**THE TASK**.
Look through the records below for the line with "Actual product image". Return that line and each one after it up to and including the line with "Haal Kaisa Hai", exactly.

**DATASET**.
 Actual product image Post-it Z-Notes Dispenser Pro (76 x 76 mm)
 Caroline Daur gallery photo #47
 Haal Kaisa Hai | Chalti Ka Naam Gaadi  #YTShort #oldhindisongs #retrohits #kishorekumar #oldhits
* * *
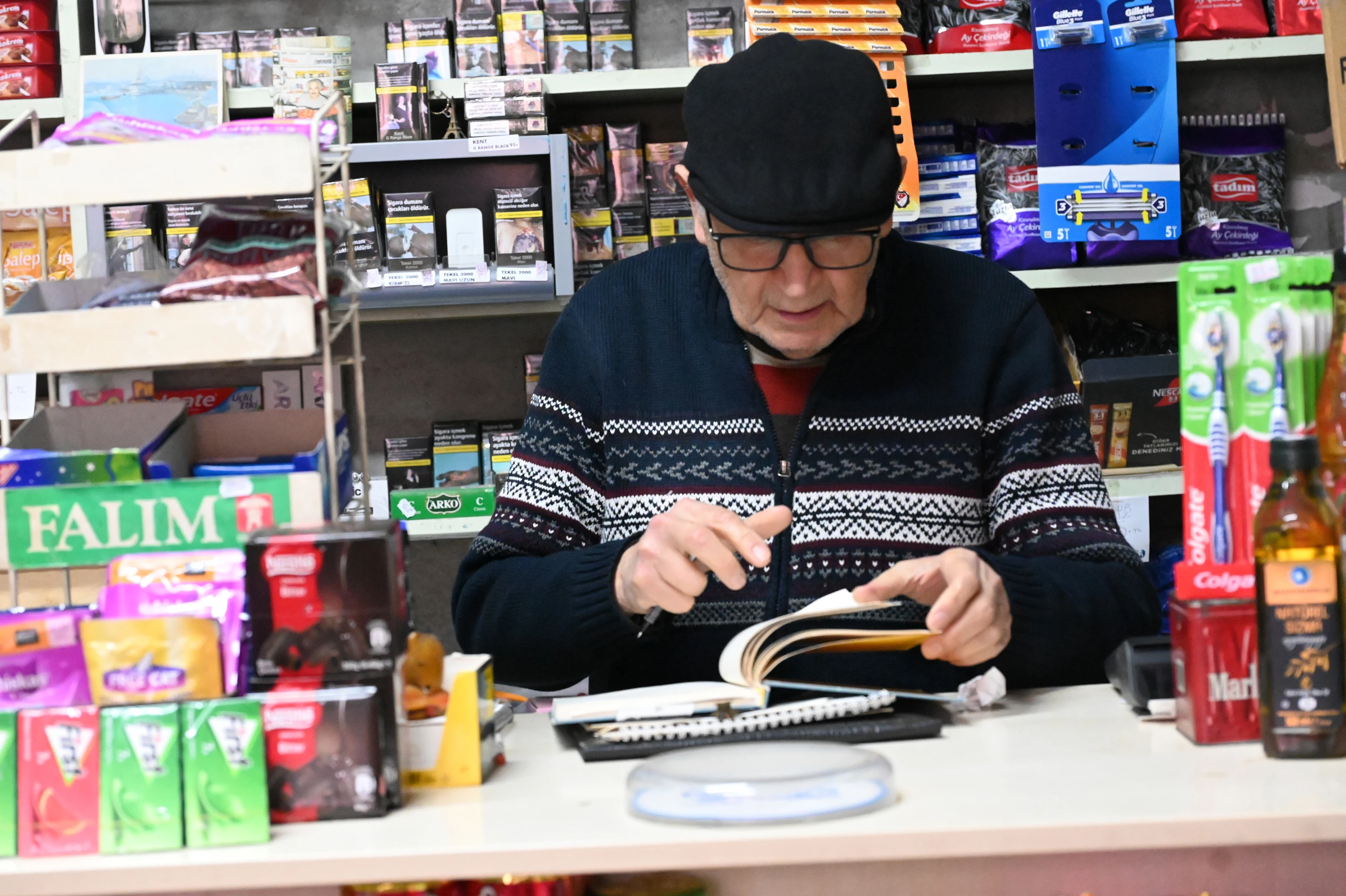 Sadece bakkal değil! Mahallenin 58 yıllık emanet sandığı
==
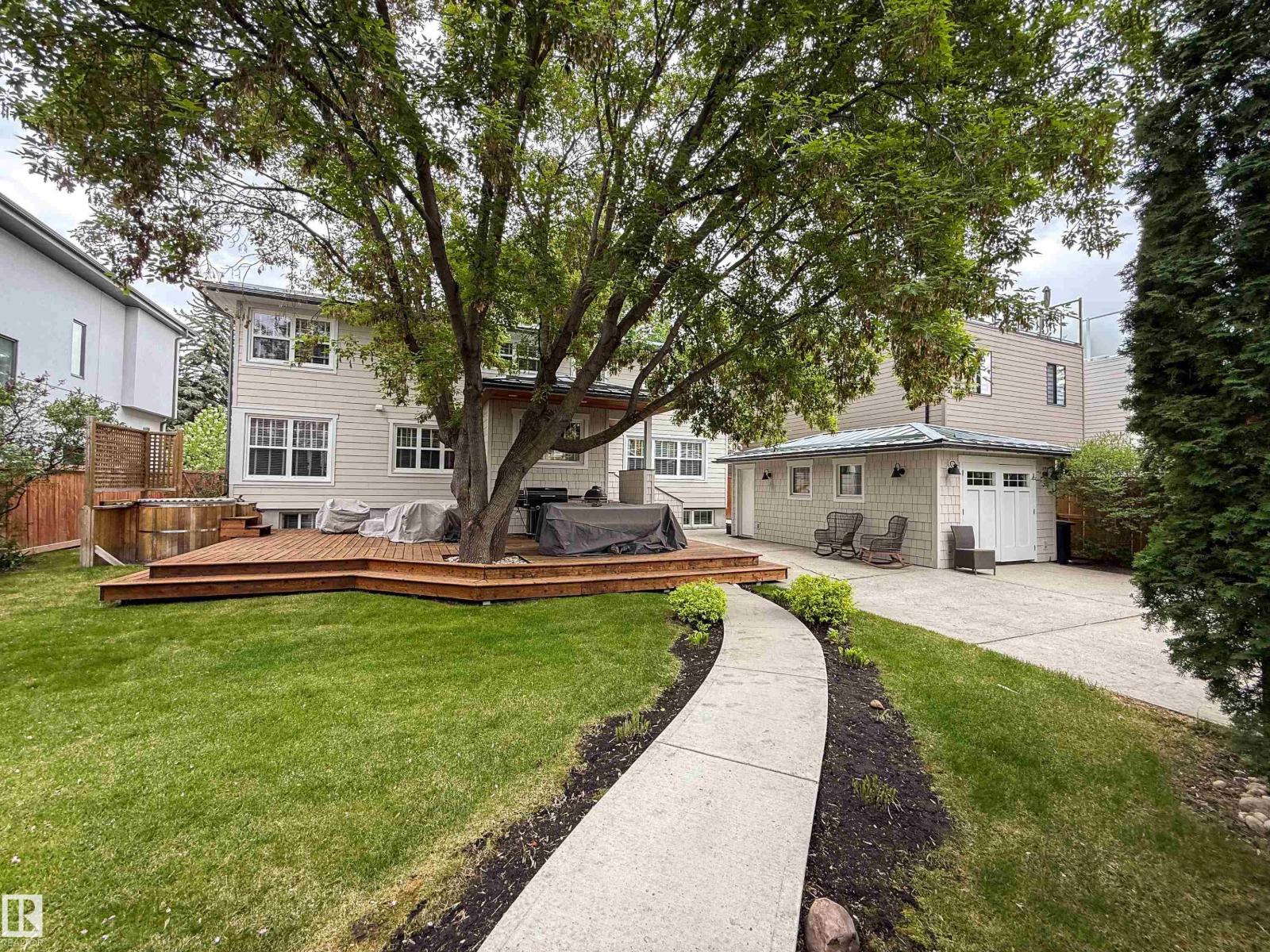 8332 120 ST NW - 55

**RESPONSE AREA**.
 Actual product image Post-it Z-Notes Dispenser Pro (76 x 76 mm)
 Caroline Daur gallery photo #47
 Haal Kaisa Hai | Chalti Ka Naam Gaadi  #YTShort #oldhindisongs #retrohits #kishorekumar #oldhits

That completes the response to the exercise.